The xfer type of Async is available in gdsio, and from the profiler result, different streams are indeed fired. However, I saw the stack trace showed that gdsio still calls cuFileWrite. Is there any trick here?
By the way, I found that the BatchIOSubmit and Sync takes a long time to execute (both 2ms) for 4 control blocks. During submission. DtoH/HtoD copies are performed. Does it reflect ant potential issues?
Can you please share your use case and what you are trying to accomplish with Async Mode.
Async Mode is using a polling logic with cuFileWrite between user library. and kernel driver. Submit + poll. However this mode is not asynchronous w.r.t user facing APIs.
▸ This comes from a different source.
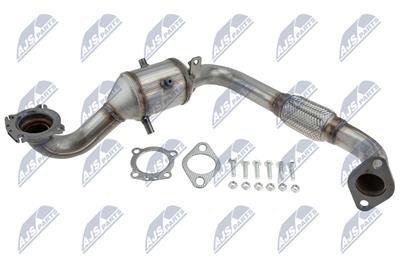 NTY KAT-FR-002 EAN: 5902048198846.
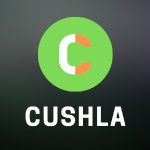 Cushla HQ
This mode is for testing poll mode functionality in NVMe for smaller 4K-8KB IO size. We have not seen benefit with larger IOs as the library has to constantly poll for completion of IO.
Async stream based APIs are not yet available in cuda 12.1 release.
cuFileBatchIOSubmit → synchronous submission
cuFileBatchIOGetStatus → asynchronous completion.
Depending on the batch size and file system, the IO submission can be taking time.
How big is the batch size ?
what is the typical cost of submitting directio to the fs for single IO request time.
Batch Submission time = (submission cost of single IO) * number of batch entries.
The batch size is 1MB, and there are 4 batches in the mentioned case. My use case is offloading tensors during computation.
In original implementation that copies tensor to RAM and then write to NVMe, the speed is 1.5x faster than GDS batch IO.